A tour of L.A.’s best-known oriental rug gallery offers more than an opportunity to ogle great works of art-an antique Persian Tabriz, for example, or a Turkish Oushak. Step inside the Melrose Avenue shop and you’ll get a crash course on cutthroat competition. Hanging between those $50,000 objects of desire is a brand new rug, woven by Afghan refugees in Peshawar, Pakistan. Its mix of traditional patterns and soft, modern colors stands out in a room full of classic carpets. But don’t ask where it came from.

“It’s nobody’s business where I get my rugs,” says the owner of the Mansour gallery. He won’t name names and dismisses his suppliers “as mostly pickers without enough capital.” Nonetheless, he has tried to corner the Los Angeles market for their rugs. And he has company.
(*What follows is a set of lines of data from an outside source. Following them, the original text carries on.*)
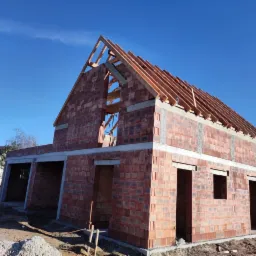 Surowy stan domu jednorodzinnego z czerwonej cegły, widoczna konstrukcja dachu z drewnianych belek, niezadaszony garaż z boku, błękitne niebo w tle.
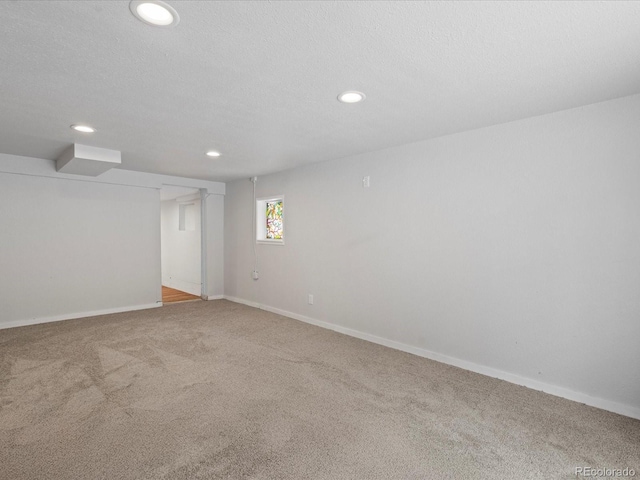 spare room with recessed lighting, carpet flooring, a textured ceiling, and baseboards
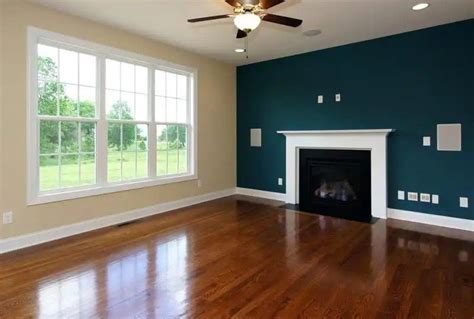 Dark Bluegreen Accent Wall And Cream Accent Walls In Living Room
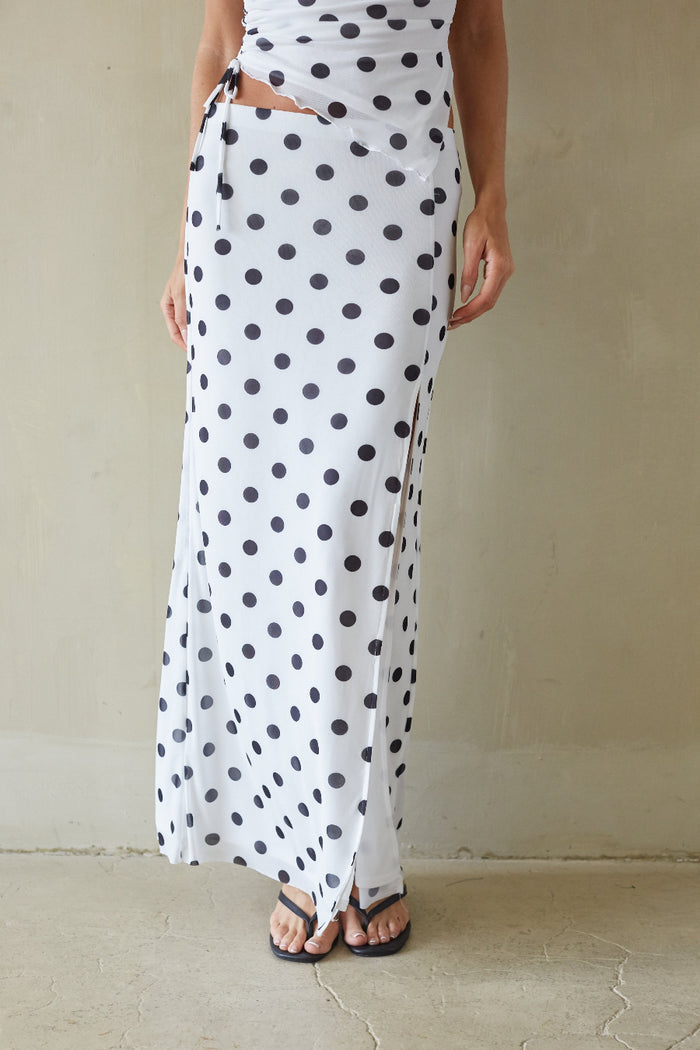 Person wearing a white dress with black polka dots against a plain background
The “pickers”-brothers Zabi and Zubair Ahmadi-have been selling their carpets across the country as quickly as they can produce them. They’ve even moved into a storefront on Robertson Boulevard, just around the corner from Mansour. It’s a space where dozens of the Ahmadis’ signature rugs-distinguished by a short pile, lustrous wool and light colors with an antique patina-are stacked against the walls. “Sometimes when dealers come by to see our new shop, they don’t believe it’s us,” says Zubair, recalling their days dealing antique rugs in a low-rent hole in the wall on La Cienega Boulevard. “They expect to see an older guy here with us.” At 26, Zubair shrugs off that the brothers are a generation younger than their peers. “They couldn’t see that we were capable of this. Some of them put the word out that we would not make it.” Almost no one outside the insular Los Angeles rug world knows about the Ahmadis. They started out working the edges of the local market as menders and small-time traders, currying favor with many retailers in L.A.’s prime rug district--La Cienega Boulevard between Santa Monica Boulevard to the north and 3rd Street to the south, bounded by Melrose Place to the east and the Pacific Design Center to the west, with many shops on Melrose and Robertson. The brothers rose within this usually impenetrable world because of their knot-by-knot knowledge of rugs, sidestepping the deception and aggressive haggling that can define L.A. rug dealing. Their expertise has enabled them to build their new rug business and thrive as antique dealers in the face of big-time competitors-shops such as Mansour, Aga John and Caravan Rug Corp.-that dominate the rug trade with gigantic inventories and bank accounts to carry them.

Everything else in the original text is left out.